Happy Thanksgiving from all of us at Village Craftsmen!

Last month I reported that one of the most common questions summer visitors ask us is, “What do you folks do here all winter?” I related that we often sit around after a family dinner or potluck, and retell some of the amusing comments and questions that we’ve heard over the years.

Quite a bit more goes on here, as well.  But mostly it involves local people just getting together to enjoy each other’s company.  As you might imagine, this time of year there’s not much commercial “entertainment” put on for the tourist trade.

However, it may be that someone has come into a couple of bushels of fresh oysters.  If we’re all lucky, they will invite friends over to sit around the dining room table (covered with newspapers, of course) to share jokes and stories while we shuck the slightly steamed delicacies, dip them in butter, and wash them down with cold beer.
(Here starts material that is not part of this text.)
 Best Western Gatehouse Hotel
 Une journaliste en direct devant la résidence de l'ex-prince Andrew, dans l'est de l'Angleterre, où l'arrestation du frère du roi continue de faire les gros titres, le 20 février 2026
On one warm November weekend Charles Temple organized a beach party to celebrate the “end of the season.”  Several dozen Ocracokers (young, old, and children) gathered to laugh, play frisbee, throw a baseball, and eat hot dogs & hamburgers.  As they say, “a good time was had by all.”

November Beach Party
Beach Party

Just before sunset we were all treated to the sight of a sun dog in the southwestern sky.

Autumn Sun Dog
Sun Dog

We built a fire not too far from the surf, and, after the sun went down and the air cooled, we sat in a circle roasting marshmallows and visiting long into the night.

Riley and the Beach Fire
Now and then I am fortunate enough to host a potluck for our local musicians.  Sitting around the living room after dinner I relax while listening  to familiar tunes played on guitar, banjo, fiddle and mandolin.

Ocrafolk Opry Performers at an Informal Jam Session:
Music Jam

Fiddler Dave and Miss Kitty Liven up my Living Room:
Music Jam

There is not much that is more rewarding than listening to friends strike up a tune for the pure pleasure of making music.

Many of us will be performing on Friday, November 29, for a local concert to benefit this upcoming year’s “Ocrafolk Festival of Story and Song.”  Look for more information about this delightful festival that is held each year during the first weekend in June.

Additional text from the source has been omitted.